## Task
What is needed is an exact copy of every entry below, with the pictures left out.
+===+
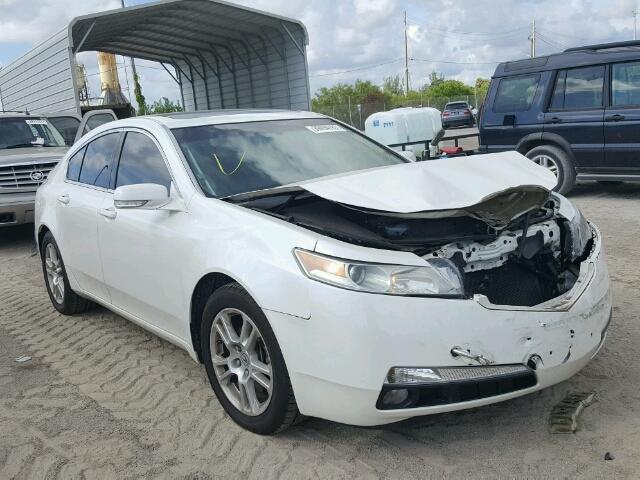 19UUA8F24AA009464 - 2010 ACURA TL WHITE photo 1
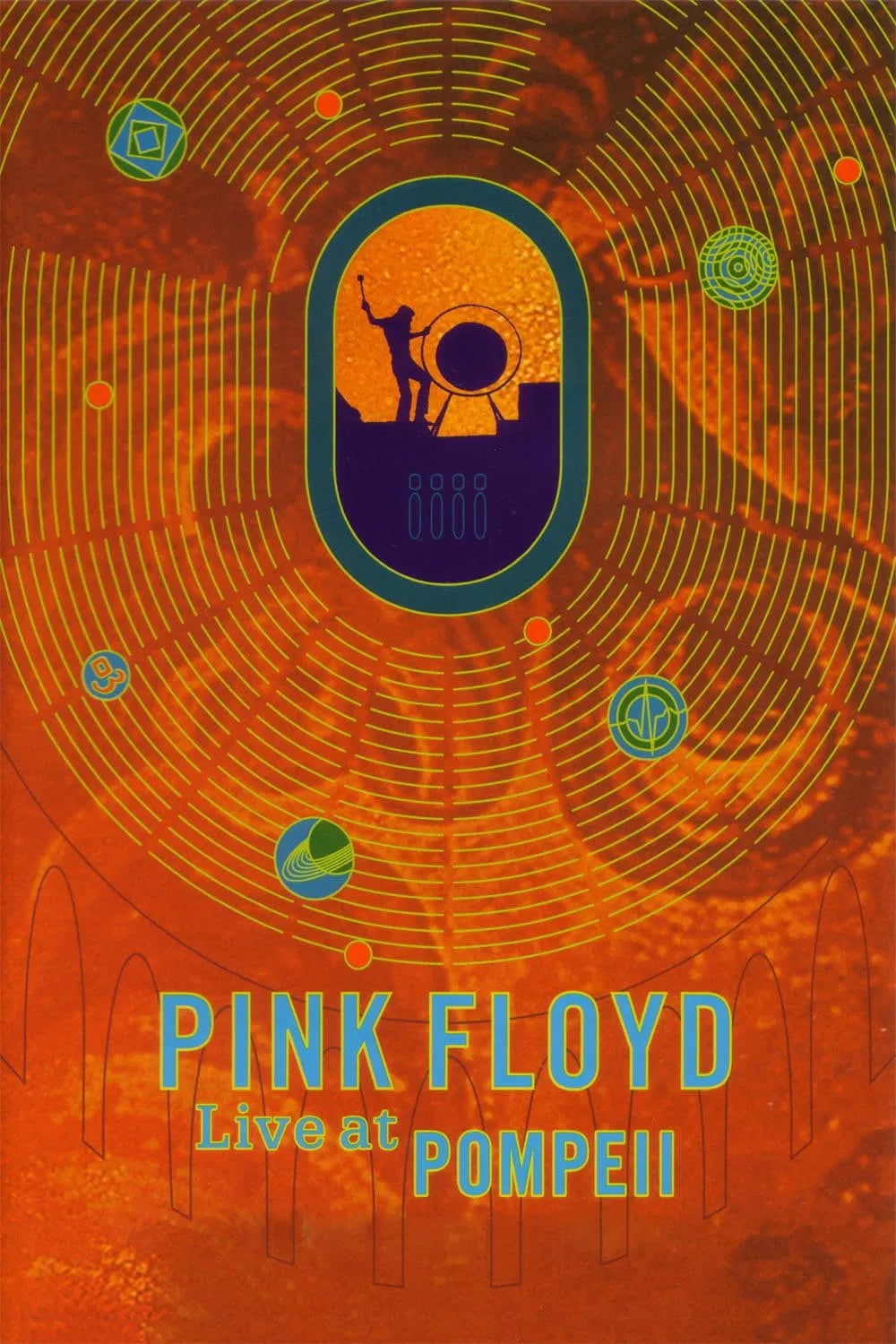 Pink Floyd: Live at Pompeii - Cover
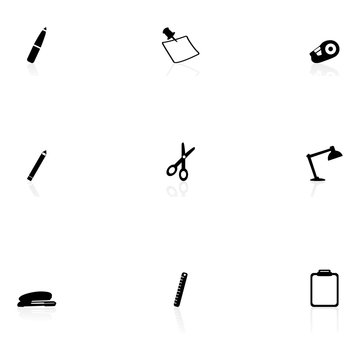 Office supplie icons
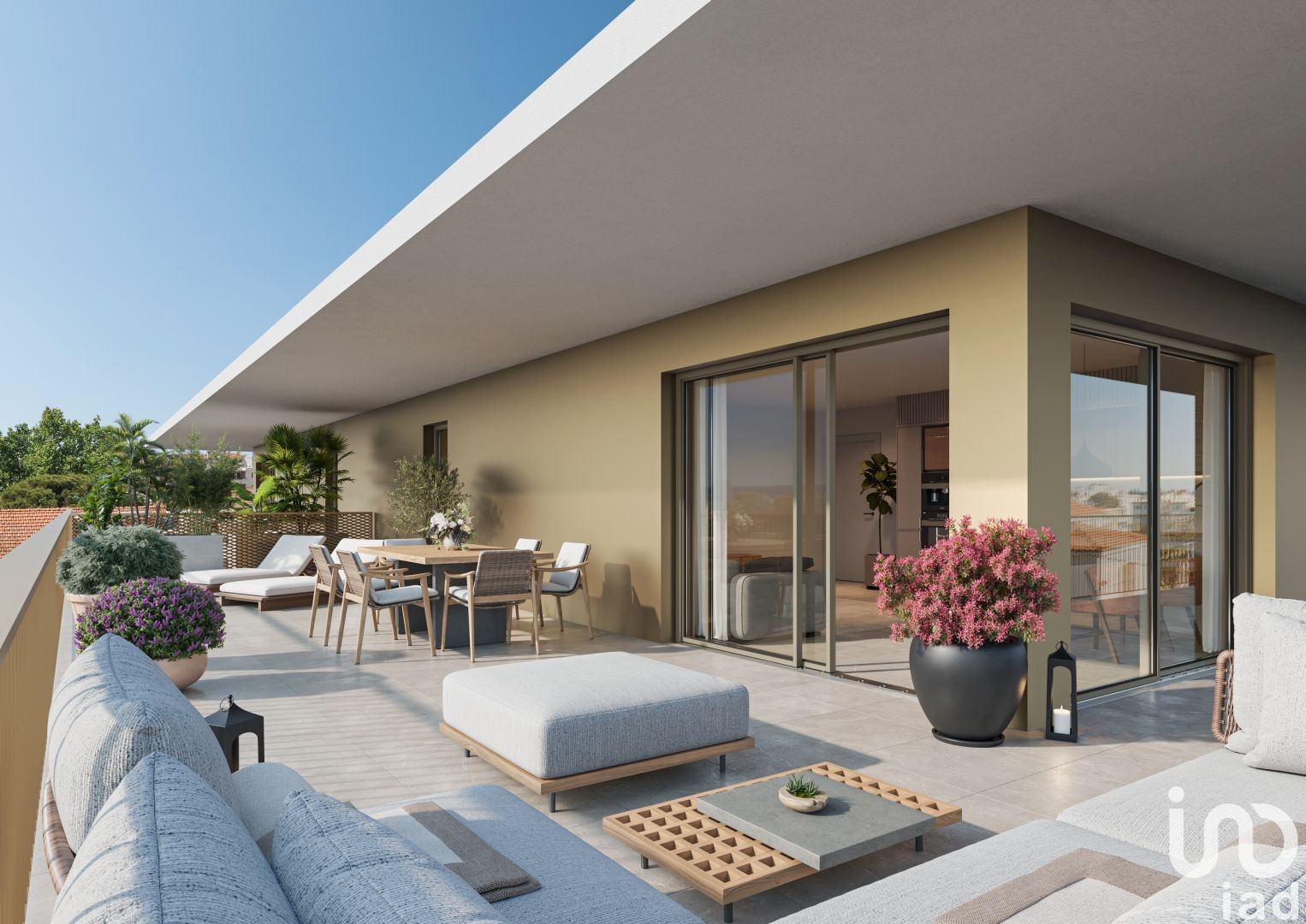 Frejus - 68m² - 3p. - 1ch.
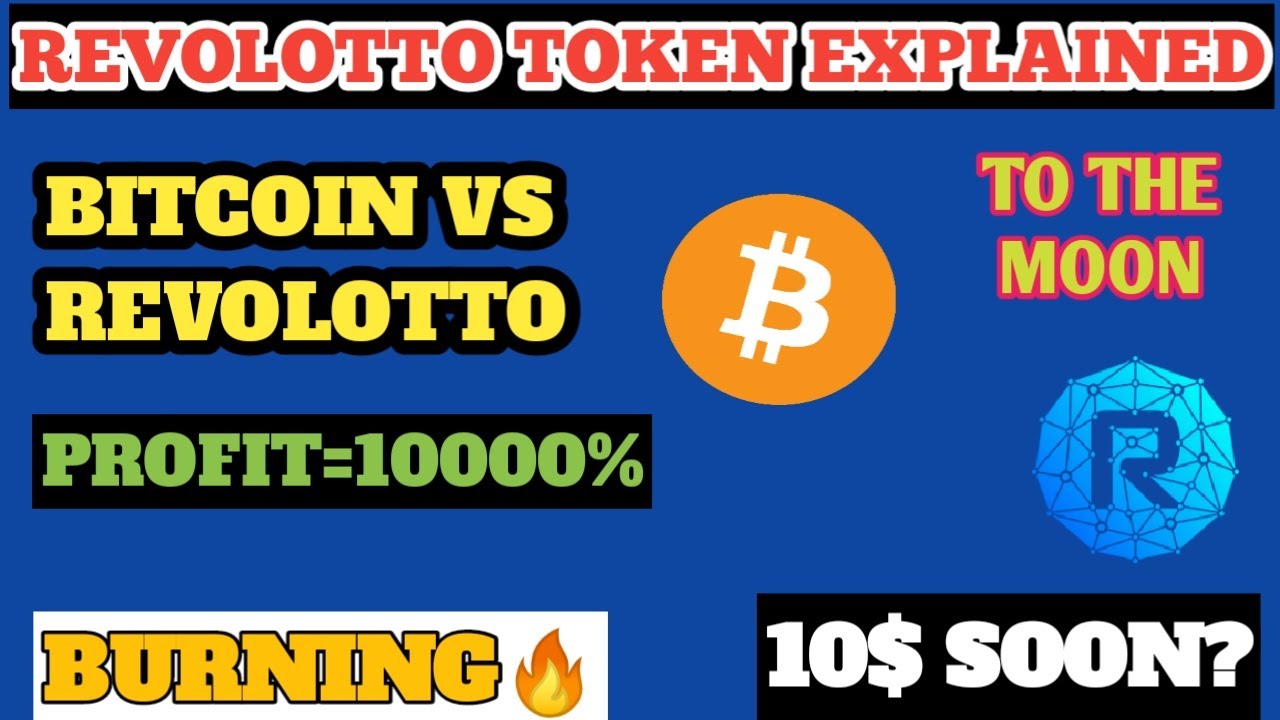 🔥REVOLOTTO TOKEN FULL EXPLAINED IN HINDI || BITCOIN VS REVOLOTTO || WHAT IS BURNING IN REVOLOTTO ||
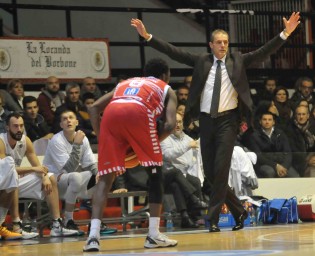 Coach Dell'Agnello (Foto Filauro)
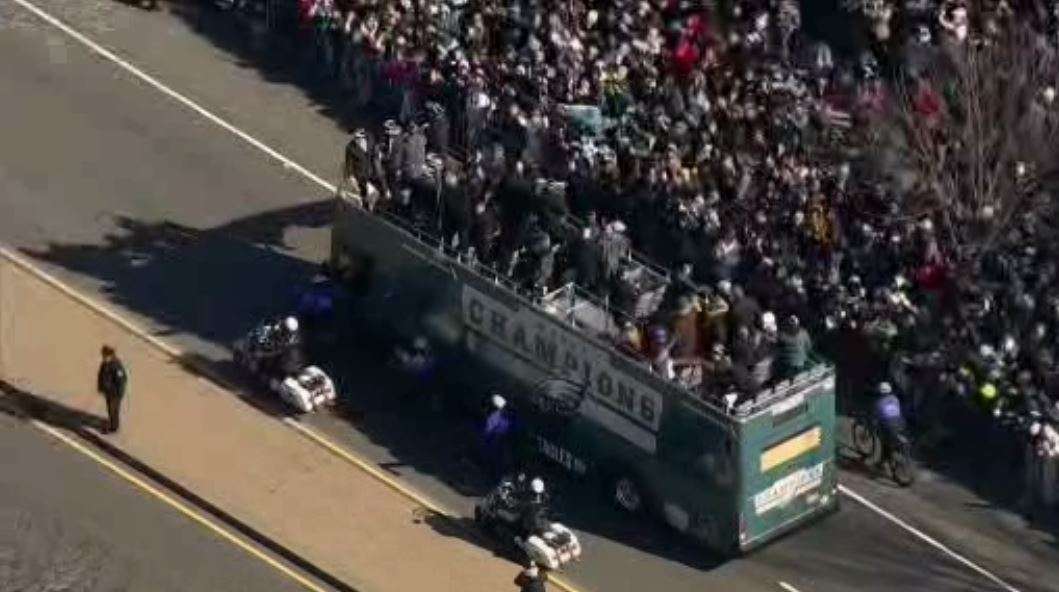 Philadelphia fans set to celebrate their beloved Eagles with Super Bowl ...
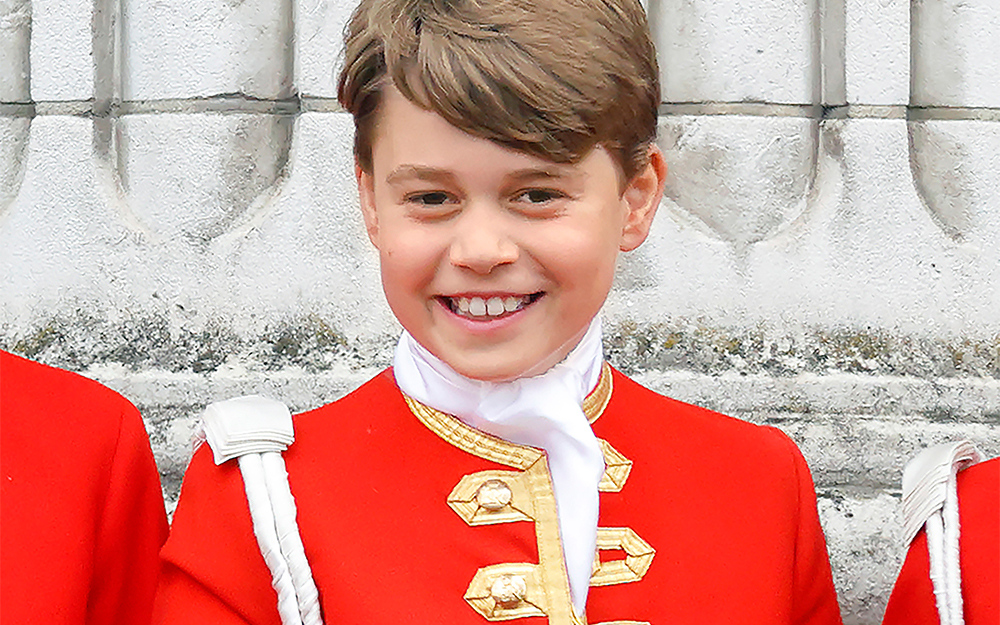 King Charles’ plans for Prince George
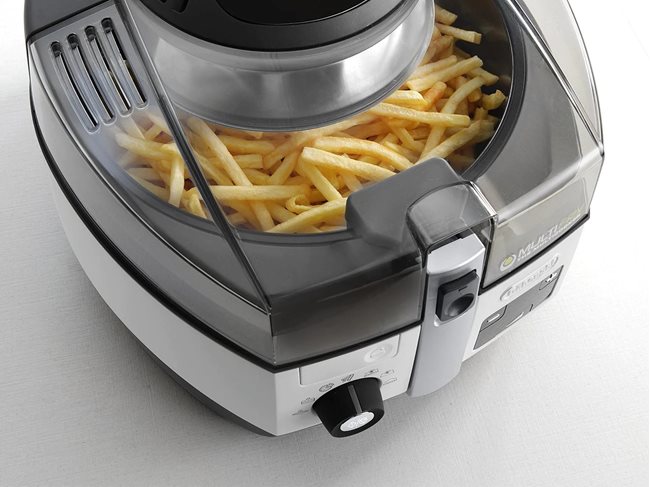 Фритюрник с горещ въздух и мултикукър, 1,7 кг, 1400 W, "MultiFry" - DeLonghi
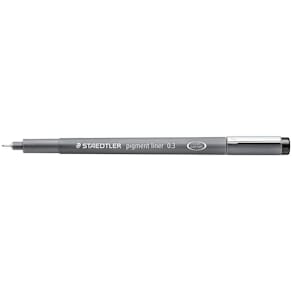 Fineliner STAEDTLER 0,3mm svart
+===+
## Problem solution
 19UUA8F24AA009464 - 2010 ACURA TL WHITE photo 1
 Pink Floyd: Live at Pompeii - Cover
 Office supplie icons
 Frejus - 68m² - 3p. - 1ch.
 🔥REVOLOTTO TOKEN FULL EXPLAINED IN HINDI || BITCOIN VS REVOLOTTO || WHAT IS BURNING IN REVOLOTTO ||
 Coach Dell'Agnello (Foto Filauro)
 Philadelphia fans set to celebrate their beloved Eagles with Super Bowl ...
 King Charles’ plans for Prince George
 Фритюрник с горещ въздух и мултикукър, 1,7 кг, 1400 W, "MultiFry" - DeLonghi
 Fineliner STAEDTLER 0,3mm svart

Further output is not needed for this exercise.